El Poder Ejecutivo y de primero el presidente de la República, debe entender que recibió un mandato condicionado de la ciudadanía, y por lo tanto, la capacidad de reformar nuestro Sistema demanda una apertura amplia basada en un objetivo claro que permita dialogar y negociar entre adversarios. Esto no equivale a invitar a los opositores a sumarse a un contrato de adhesión ni es un café entre amigos; y quejarse de no contar con apoyo legislativo es ” sentarse a llorar de frustración”.
Cuando Oscar Arias asumió su segundo mandato identificó el tratado comercial con EEUU y Centroamérica como una prioridad. Al comprender que no contaría con apoyo en la Asamblea Legislativa, lo sometió a un referéndum, porque la Constitución y la Ley no le prohibían hacerlo en esta materia. Fue una decisión arriesgadísima, pues pudo haber ganado el NO, condenando a la administración Arias a “flotar” hasta el final de su mandato. Después, una vez que ganó el SÍ, fue necesario aprobar 13 leyes de implementación indispensables para la efectividad del convenio, y para las cuales tampoco tenía mayoría el Poder Ejecutivo, que no por eso se sentó a “llorar de frustración”. Desplegó una intensa y bien pensada campaña de diálogo y negociación con sectores y partidos que le permitió vencer los obstáculos y conseguir la aprobación de aquellas 13 leyes dentro del plazo establecido.

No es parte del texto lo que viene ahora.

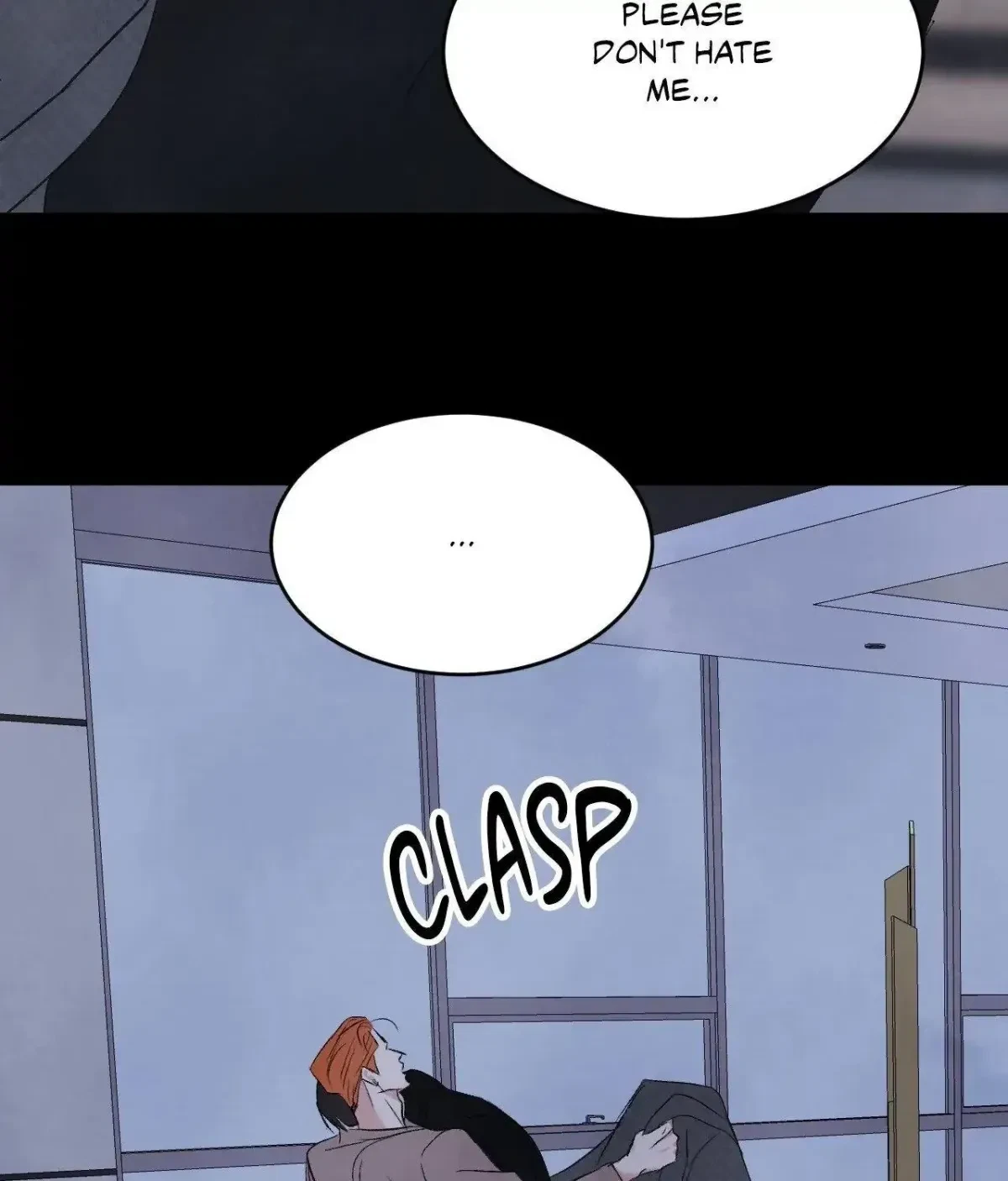 Chapter 2.1, page 133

El insulto y las amenazas no formaron parte de la campaña dicha, porque no es muy inteligente hacer eso con aquellos de los que dependés para tomar decisiones.

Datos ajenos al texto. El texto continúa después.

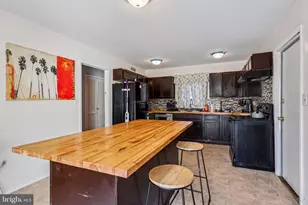 32 Millbrook Dr, Willingboro, NJ 08046 - Photo 18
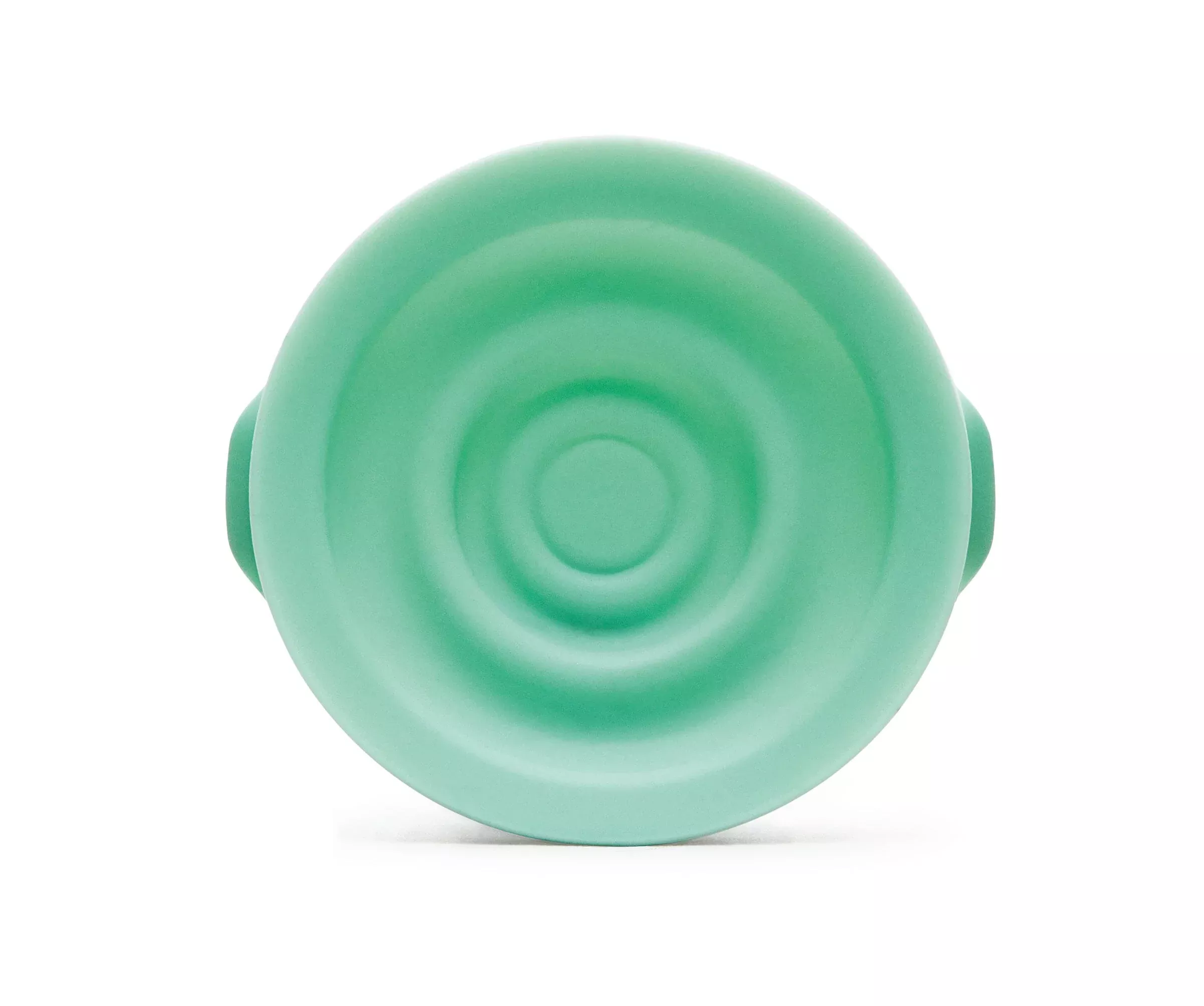 Chiaro Elvie Breast Pump Seal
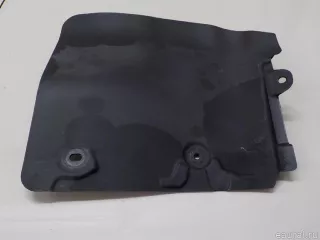 5373742010 Toyota Пыльник двигателя боковой левый Toyota Rav 4 5 Арт E84645496, вид 2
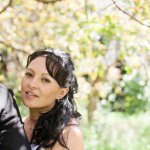 patsycastles - @patsycastles - Instagram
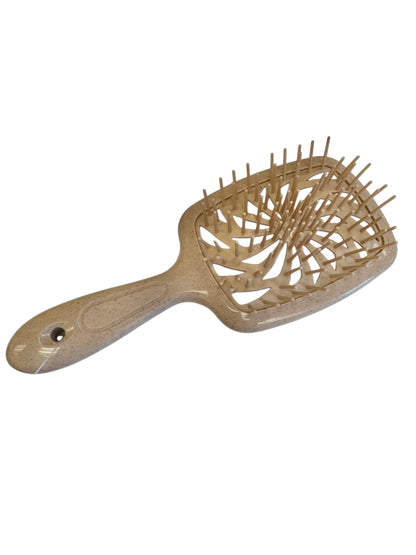 Best Detangler Hair Brush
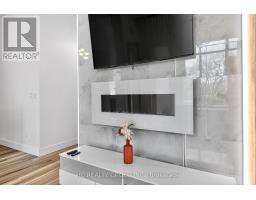 121 - 231 Fort York Boulevard, Toronto, ON M5V1B2 Photo 21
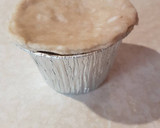 Foto del paso 4 de la receta: Pudding and chips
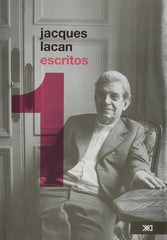 ESCRITOS - 9786070300585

Finalmente, debemos insistir en lo dicho, la rebaja del marchamo fue posible porque antes se dieron unas reformas legales que Rodrigo Chaves y Nogui Acosta aplicaron, obteniendo unos resultados financieros favorables para la decisión adoptada.
El potencial costarricense está atrapado por una gran camisa de fuerza sostenida por leyes que sólo puede modificar la Asamblea Legislativa. Esa camisa de fuerza no solo se traduce en una burocracia y en una tramitología sofocantes, sino también en un gasto público enorme e ineficiente que se financia mediante una telaraña de impuestos, administrados a su vez, por una burocracia costosa, dentro de un círculo vicioso que pesa sobre la producción y sobre nuestra capacidad de aprovechar las oportunidades.
Costa Rica debe revisar instituciones y programas, no sus objetivos en materia de desarrollo humano y crecimiento económico. Debe hacerlo con el fin de reorganizar el gasto y reducirlo, de tal manera que los impuestos que soportan los costarricenses puedan, en consecuencia, rebajarse y simplificarse al máximo posible. Esto, per se, no afectaría nuestras prioridades en campos como la salud, la educación, la energía, la conservación del ambiente, la infraestructura, el crecimiento y la diversificación de la economía, la incorporación tecnológica, la gobernabilidad, los derechos humanos, la solución alternativa de conflictos y demás prioridades, siempre que entendamos que la sociedad costarricense tiene actual y potencialmente los recursos para asumirlos con base en estrategias basadas en la complementariedad entre lo público y lo privado.
La realidad costarricense cuenta con las experiencias y los recursos para acometer una gran transformación de orientación liberal. Una como la que justifica nuestro nivel de desarrollo y nuestro potencial. Lo que nos hace falta es, como dicen en la calle, “creérnosla” y entender que sobre cómo lograrla dice más el proceso que permitió reducir el marchamo, que el triunfo electoral de Milei, cuya tarea apenas comienza en un contexto muy diferente al costarricense.